Former New Hampshire Gov. John Sununu, a top Romney surrogate, told Fox News that while the super PAC is defending the ad's accuracy, "the lie is in the omissions." 

The ad did not reveal key details about the timeline of Soptic's case. First, Soptic's wife initially had her own health insurance after her husband lost his job. Second, Soptic's wife died in 2006, five years after her husband's company, GST, filed for bankruptcy. And long after Romney had left Bain Capital. 

Sununu blasted Obama aides for denying knowledge of the case. 

"First of all they craft a despicable ad full of lies," Sununu said. "And then Stephanie Cutter and Robert Gibbs and Jay Carney lie to the press that they didn't know anything that was in that ad." 

Obama campaign spokesman Ben LaBolt stressed Wednesday, in response to the criticism, that "we can't coordinate with super PACs and didn't produce" the ad. 
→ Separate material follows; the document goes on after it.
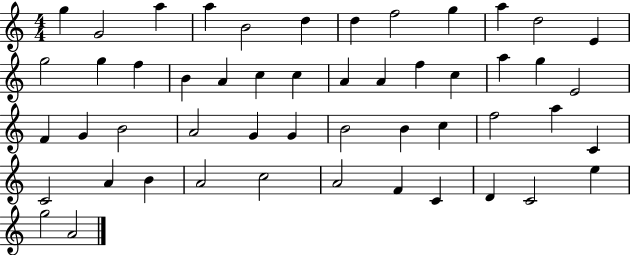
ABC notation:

"Joe Soptic suffered when he lost his job in the aftermath of the GST Steel plant closing, and no one is denying that he discussed that when he appeared in a campaign advertisement and on a conference call.  The important point here is that Mitt Romney's campaign is based solely on his experience as a corporate buyout specialist, and while he has been quick to claim he created jobs, he refuses to accept responsibility for the jobs that were lost and workers that were impacted," he said. 

In an interview with CNN late Wednesday, Priorities USA co-founder Bill Burton defended the ad and said it would be going up in battleground states across the country.